▶ _Data supplied_:
++++

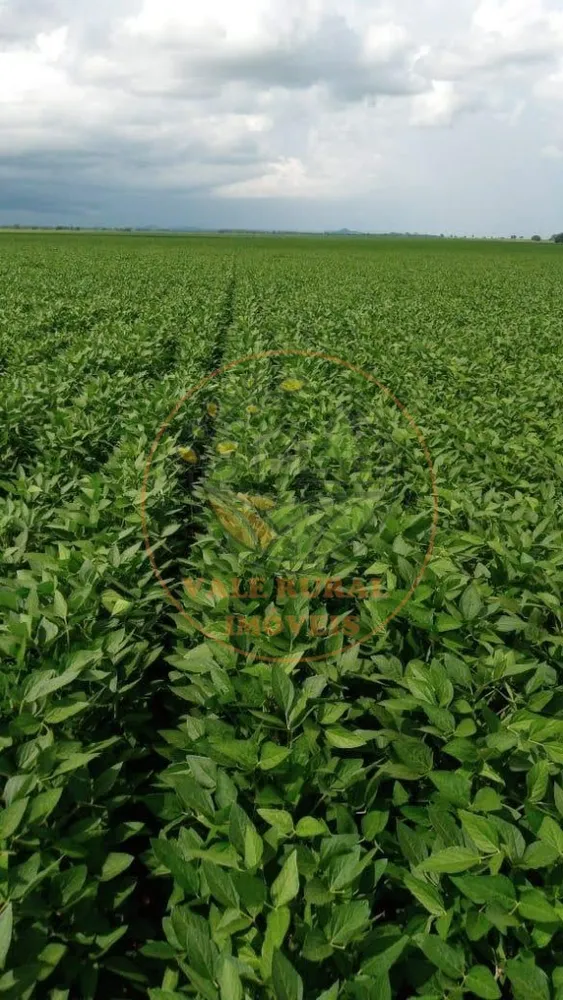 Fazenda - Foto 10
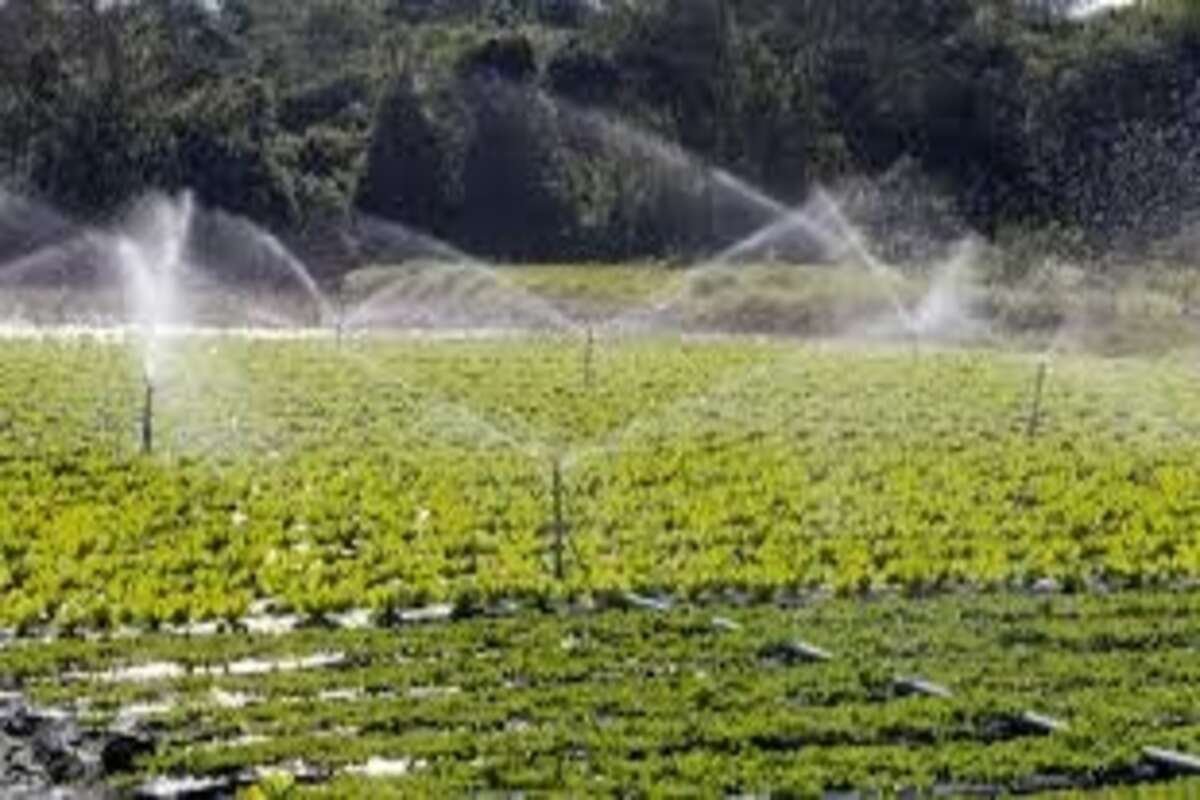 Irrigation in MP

++++

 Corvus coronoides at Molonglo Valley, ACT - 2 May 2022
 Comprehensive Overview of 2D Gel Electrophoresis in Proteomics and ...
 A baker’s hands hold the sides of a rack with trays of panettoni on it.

++++

▶ _Your goal_:
Of all the entries above, retype exactly the lines from the line with "Corvus coronoides at" to the line with "A baker’s hands", both included, and no others.

▶ _Reply to the exercise_:
 Corvus coronoides at Molonglo Valley, ACT - 2 May 2022
 Comprehensive Overview of 2D Gel Electrophoresis in Proteomics and ...
 A baker’s hands hold the sides of a rack with trays of panettoni on it.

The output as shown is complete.